A workforce of software program engineers on the College of California, working with one colleague from Soochow College and one other from LuxiTec, has developed a solution to run AI language fashions with out utilizing matrix multiplication. The workforce has printed a paper on the arXiv preprint server describing their new method and the way nicely it has labored throughout testing.
As the ability of LLMs similar to ChatGPT has grown, so too have the computing assets they require. A part of the method of operating LLMs entails performing matrix multiplication (MatMul), the place information is mixed with weights in neural networks to offer seemingly finest solutions to queries.
Early on, AI researchers found that graphics processing items (GPUs) had been ideally suited to neural community purposes as a result of they will run a number of processes concurrently—on this case, a number of MatMuls. However now, even with enormous clusters of GPUs, MatMuls have change into bottlenecks as the ability of LLMs grows together with the variety of individuals utilizing them.
On this new research, the analysis workforce claims to have developed a solution to run AI language fashions with out the necessity to perform MatMuls—and to do it simply as effectively.

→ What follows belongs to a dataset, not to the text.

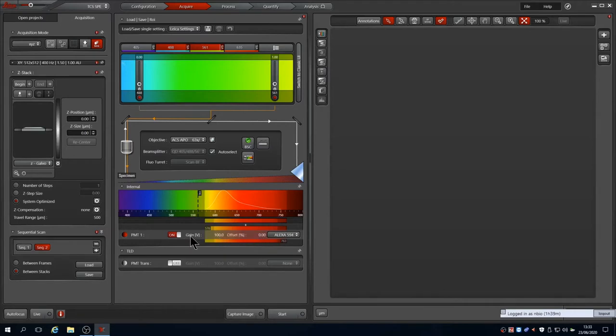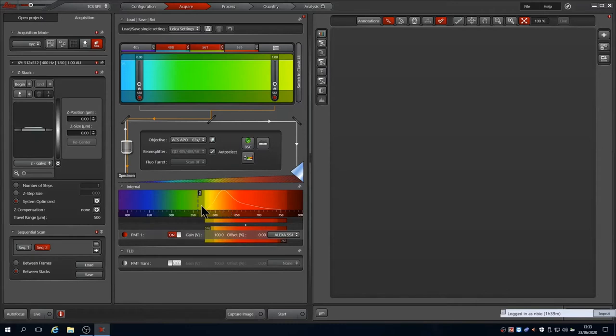The gain is set to 100 volts by default, which is too low for most imaging. There is also an offset on the PMT to adjust the noise discrimination, but this should normally not be required. The icon for the PMT is also coloured to match the pseudo colour that the system has chosen for the channel.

To realize this feat, the analysis workforce took a brand new method to how information is weighted—they changed the present methodology that depends on 16-bit floating factors with one which makes use of simply three: {-1, 0, 1} together with new capabilities that perform the identical varieties of operations because the prior methodology.
In addition they developed new quantization strategies that helped increase efficiency. With fewer weights, much less processing is required, ensuing within the want for much less computing energy. However additionally they radically modified the best way LLMs are processed by utilizing what they describe as a MatMul-free linear gated recurrent unit (MLGRU) within the place of conventional transformer blocks.

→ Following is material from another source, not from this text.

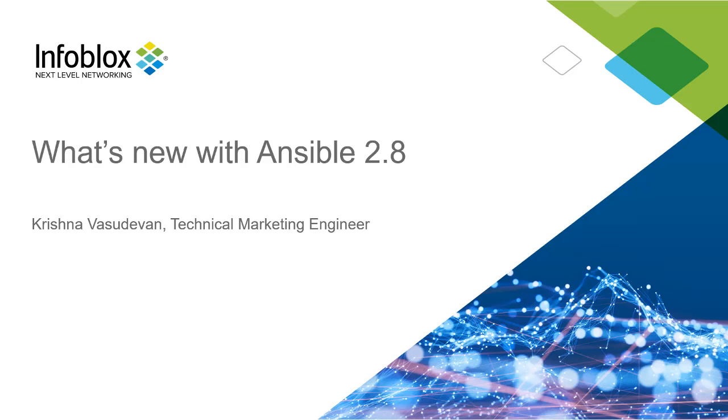Hello everyone, I am Krishna Vasudevan, a Technical Marketing Engineer at Infoblox. This video will walk you through the Infoblox integration with Ansible and what has been introduced with Ansible 2.8.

In testing their new concepts, the researchers discovered {that a} system utilizing their new method achieved a efficiency that was on par with state-of-the-art techniques at the moment in use. On the similar time, they discovered that their system used far much less computing energy and electrical energy than is mostly the case with conventional techniques.
Extra info:
Rui-Jie Zhu et al, Scalable MatMul-free Language Modeling, arXiv (2024). DOI: 10.48550/arxiv.2406.02528
arXiv
© 2024 Science X Community
Quotation:
Software program engineers develop a solution to run AI language fashions with out matrix multiplication (2024, June 26)
retrieved 26 June 2024
from https://techxplore.com/information/2024-06-software-ai-language-matrix-multiplication.html
This doc is topic to copyright. Aside from any honest dealing for the aim of personal research or analysis, no
half could also be reproduced with out the written permission. The content material is supplied for info functions solely.